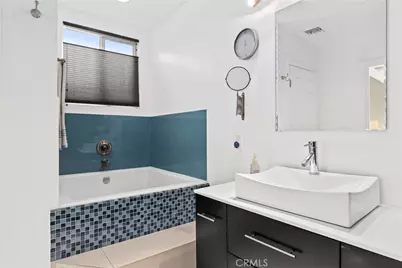 323 Santa Rosa, Arcadia, CA 91007 - Photo 21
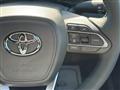 2025 Toyota Voxy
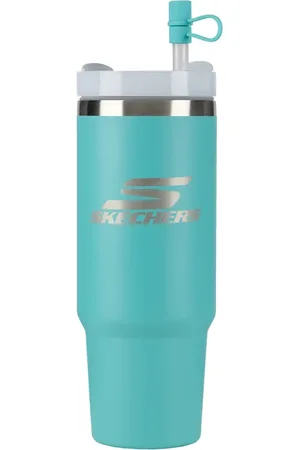 Skechers Hydration 30 oz. Tumbler in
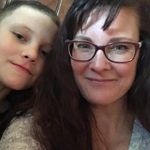 Jamie Hays DeVos - @jamiedevos - Instagram
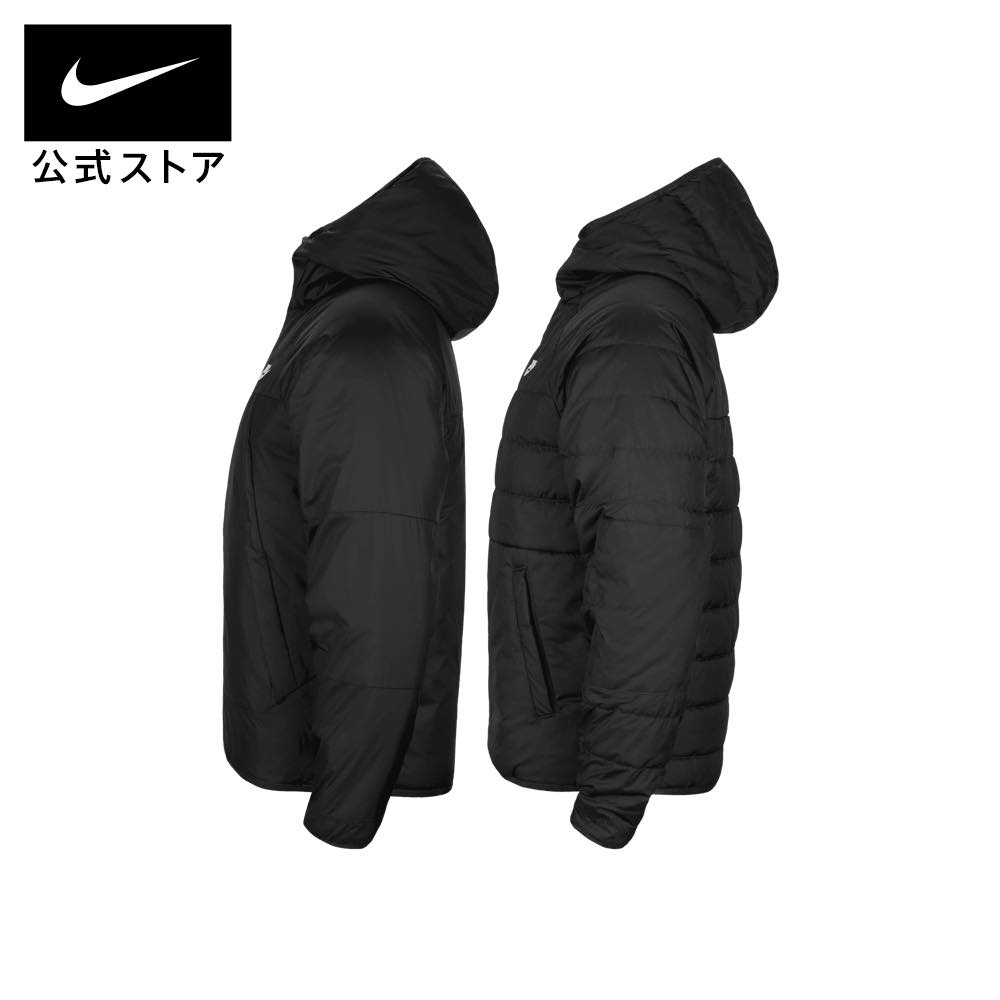 楽天市場】【クリアランス価格】ナイキ Therma-FIT レガシー メンズ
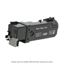 REPL DELL 310-9058 - BLACK Compatible Toner - 2,000 page yield 1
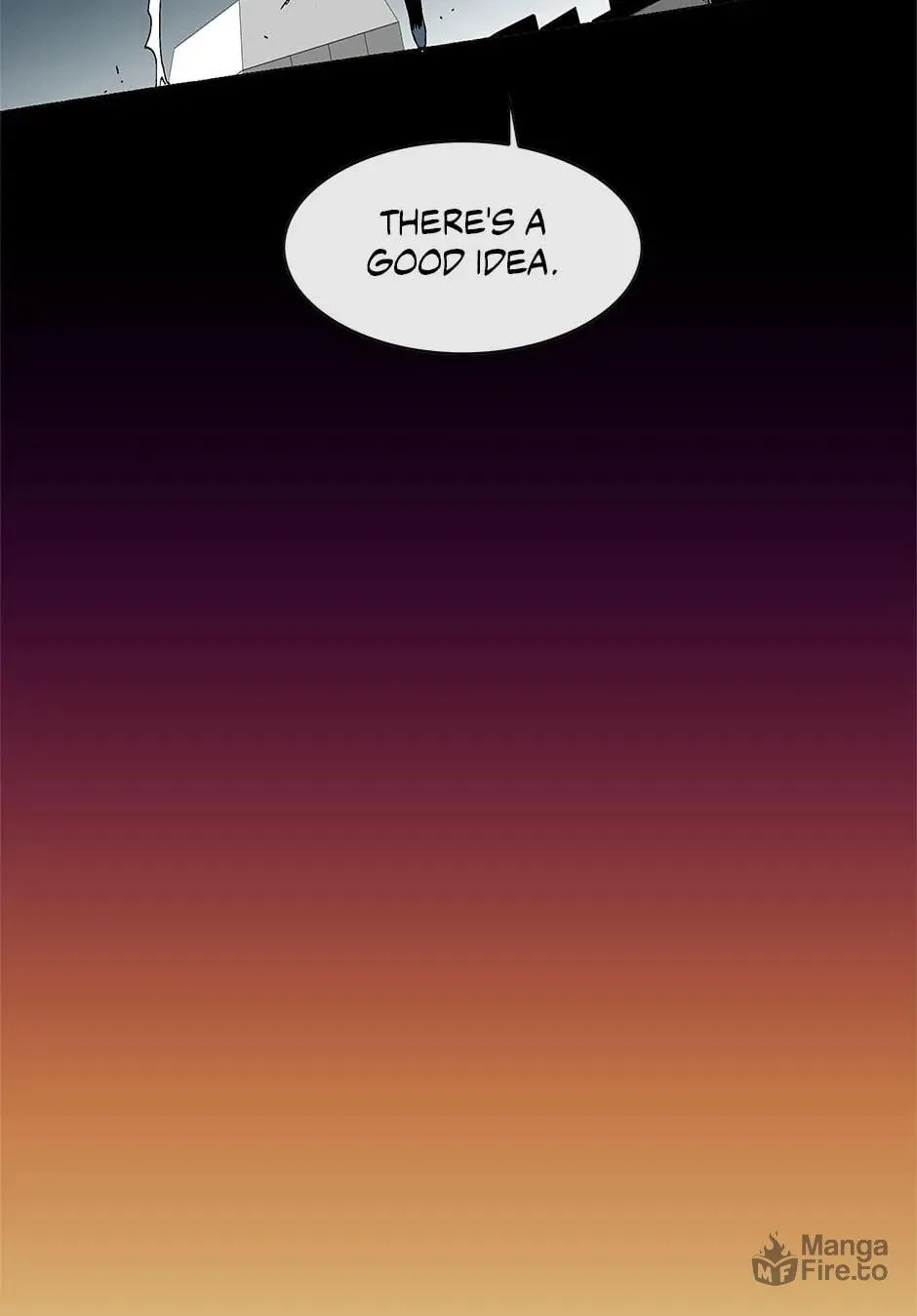 Read Trace Remaster chapter 132 image 130 on Lezhin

:::::

▶ _WHAT TO PRODUCE_
Restate, exactly as they appear, the line with "2025 Toyota Voxy" and all the lines after it up to the end of the data above; images do not belong in the copy.

▶ _YOUR RESPONSE_
 2025 Toyota Voxy
 Skechers Hydration 30 oz. Tumbler in
 Jamie Hays DeVos - @jamiedevos - Instagram
 楽天市場】【クリアランス価格】ナイキ Therma-FIT レガシー メンズ
 REPL DELL 310-9058 - BLACK Compatible Toner - 2,000 page yield 1
 Read Trace Remaster chapter 132 image 130 on Lezhin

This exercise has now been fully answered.